=== EXERCISE DIRECTIONS ===
Count the lines in the data below holding the string "with" and write the total by itself.

=== DATA TO PROCESS ===
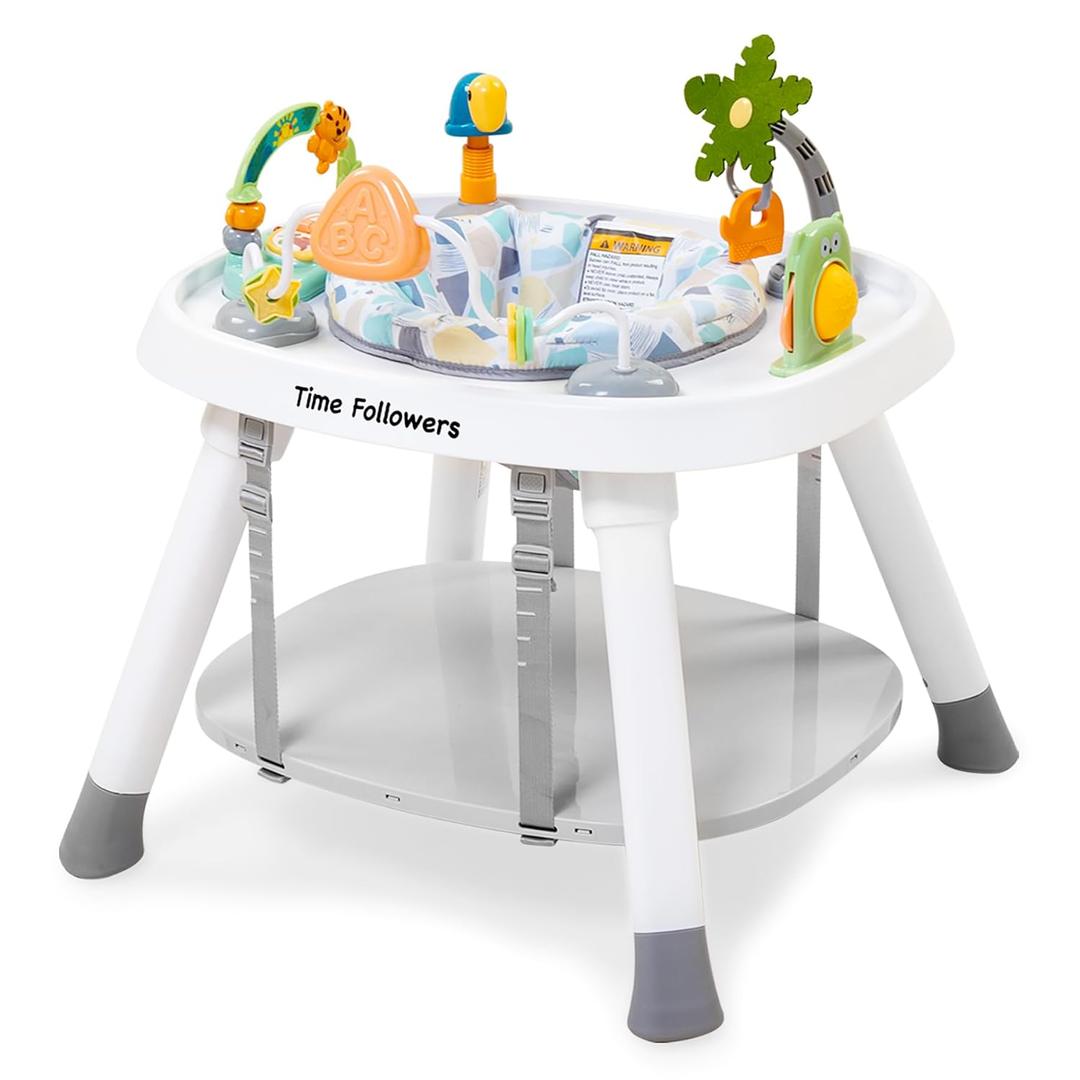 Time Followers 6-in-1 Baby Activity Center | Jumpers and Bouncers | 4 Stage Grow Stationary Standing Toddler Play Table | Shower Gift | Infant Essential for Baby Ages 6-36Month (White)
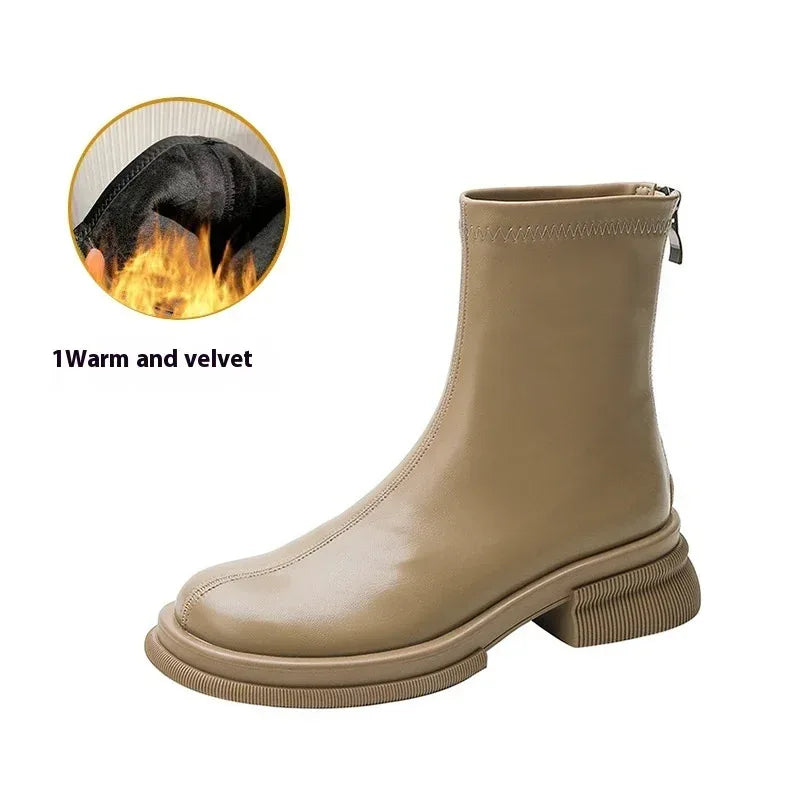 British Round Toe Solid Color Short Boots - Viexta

==

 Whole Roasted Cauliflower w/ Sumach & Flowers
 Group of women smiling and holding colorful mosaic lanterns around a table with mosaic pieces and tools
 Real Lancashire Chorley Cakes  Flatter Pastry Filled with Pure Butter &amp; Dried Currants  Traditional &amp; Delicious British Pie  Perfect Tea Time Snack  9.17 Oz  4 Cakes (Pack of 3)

=== EXERCISE OUTPUT ===
2